**WHAT THE EXERCISE ASKS**
Transcribe exactly the lines below that begin at the line with "Sandra here from" and stop after the line with "Hi, my name", leaving out every picture.

**RECORDS FOR THE EXERCISE**
■ ■ ■ ■

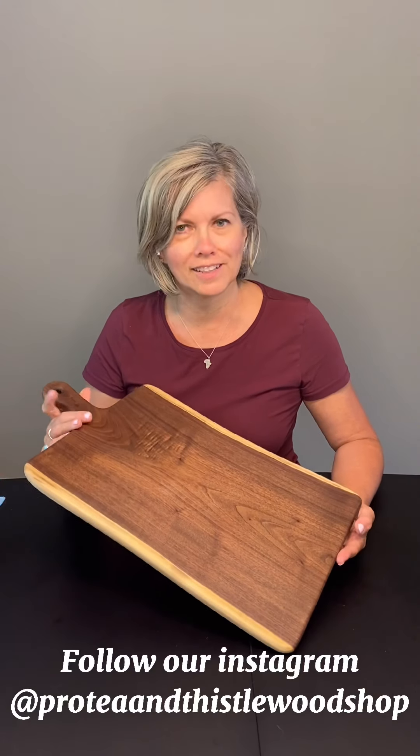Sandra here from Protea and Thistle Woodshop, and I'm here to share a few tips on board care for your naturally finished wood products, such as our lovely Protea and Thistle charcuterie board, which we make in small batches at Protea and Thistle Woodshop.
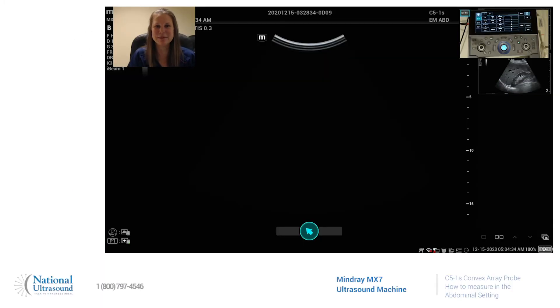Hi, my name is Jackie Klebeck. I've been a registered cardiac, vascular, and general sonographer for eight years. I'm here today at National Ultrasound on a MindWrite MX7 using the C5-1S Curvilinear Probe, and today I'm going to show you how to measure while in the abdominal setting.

■ ■ ■ ■

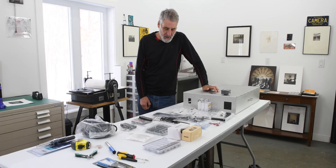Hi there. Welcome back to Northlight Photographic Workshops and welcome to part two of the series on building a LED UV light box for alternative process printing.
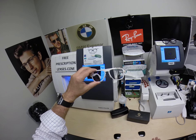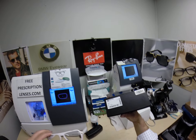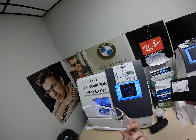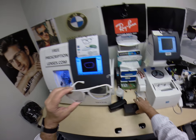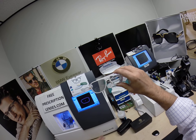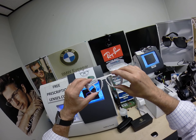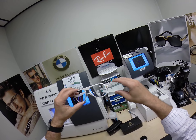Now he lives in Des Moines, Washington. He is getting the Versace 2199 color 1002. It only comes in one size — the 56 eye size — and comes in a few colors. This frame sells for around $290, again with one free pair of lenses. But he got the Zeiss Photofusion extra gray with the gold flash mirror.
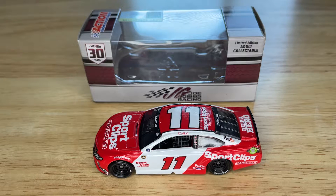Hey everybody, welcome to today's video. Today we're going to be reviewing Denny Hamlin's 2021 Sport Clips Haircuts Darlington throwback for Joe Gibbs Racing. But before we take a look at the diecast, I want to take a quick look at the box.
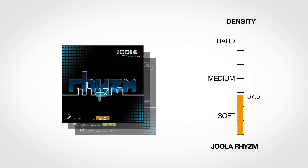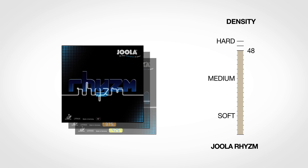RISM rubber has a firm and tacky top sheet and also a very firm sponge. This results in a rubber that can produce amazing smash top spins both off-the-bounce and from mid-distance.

■ ■ ■ ■

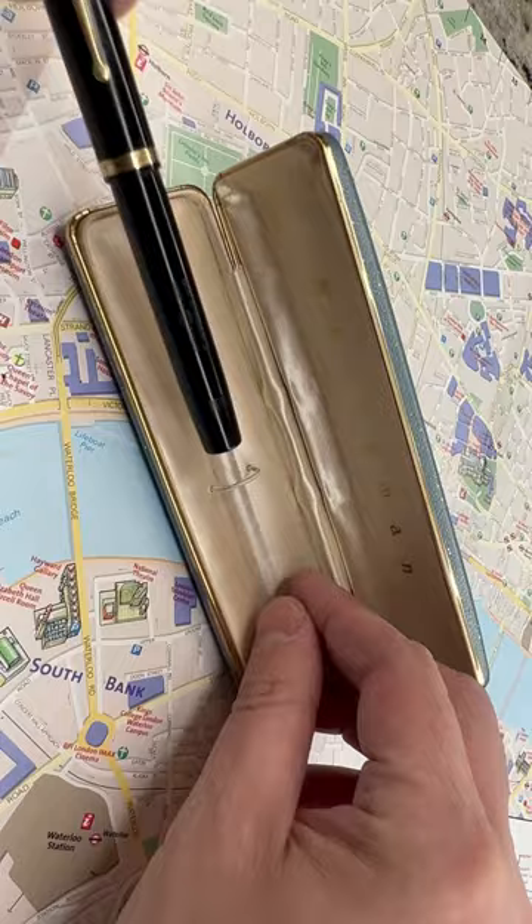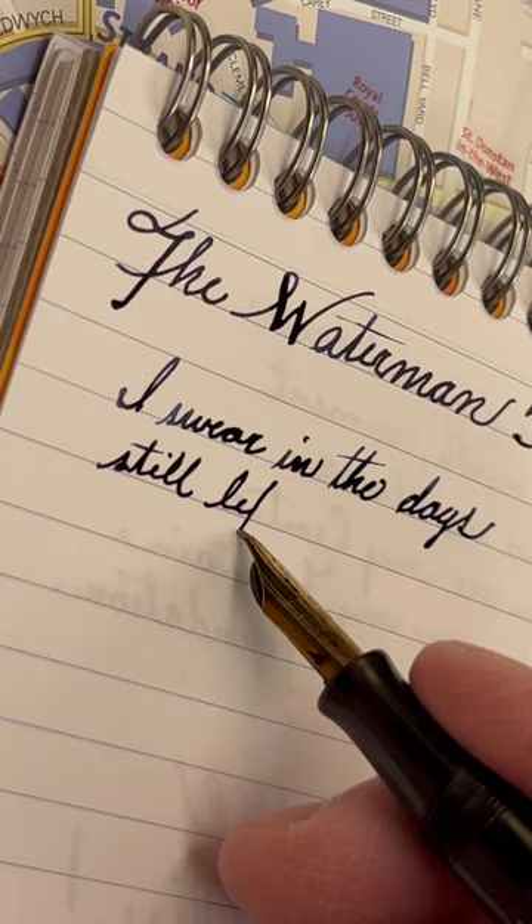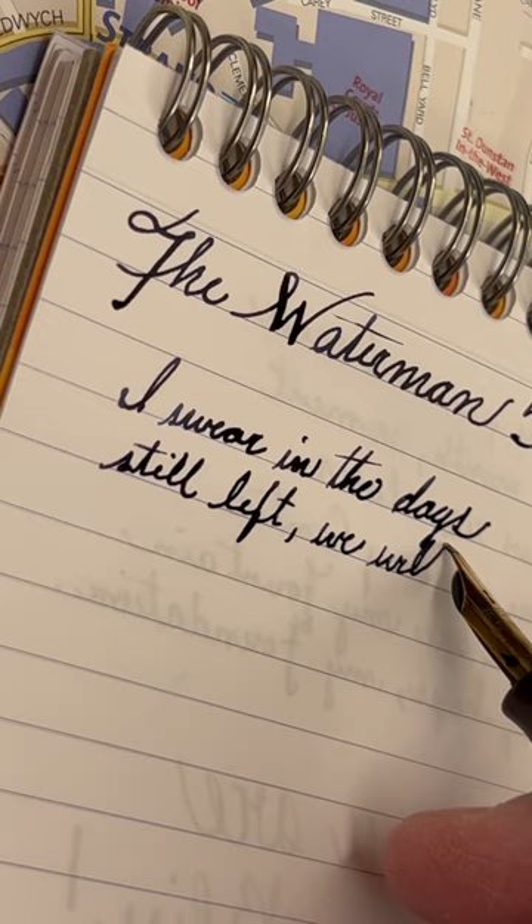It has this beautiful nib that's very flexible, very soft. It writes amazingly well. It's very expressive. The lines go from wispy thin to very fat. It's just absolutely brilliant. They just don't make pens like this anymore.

■ ■ ■ ■

**TASK RESULT**
Sandra here from Protea and Thistle Woodshop, and I'm here to share a few tips on board care for your naturally finished wood products, such as our lovely Protea and Thistle charcuterie board, which we make in small batches at Protea and Thistle Woodshop.
Hi, my name is Jackie Klebeck. I've been a registered cardiac, vascular, and general sonographer for eight years. I'm here today at National Ultrasound on a MindWrite MX7 using the C5-1S Curvilinear Probe, and today I'm going to show you how to measure while in the abdominal setting.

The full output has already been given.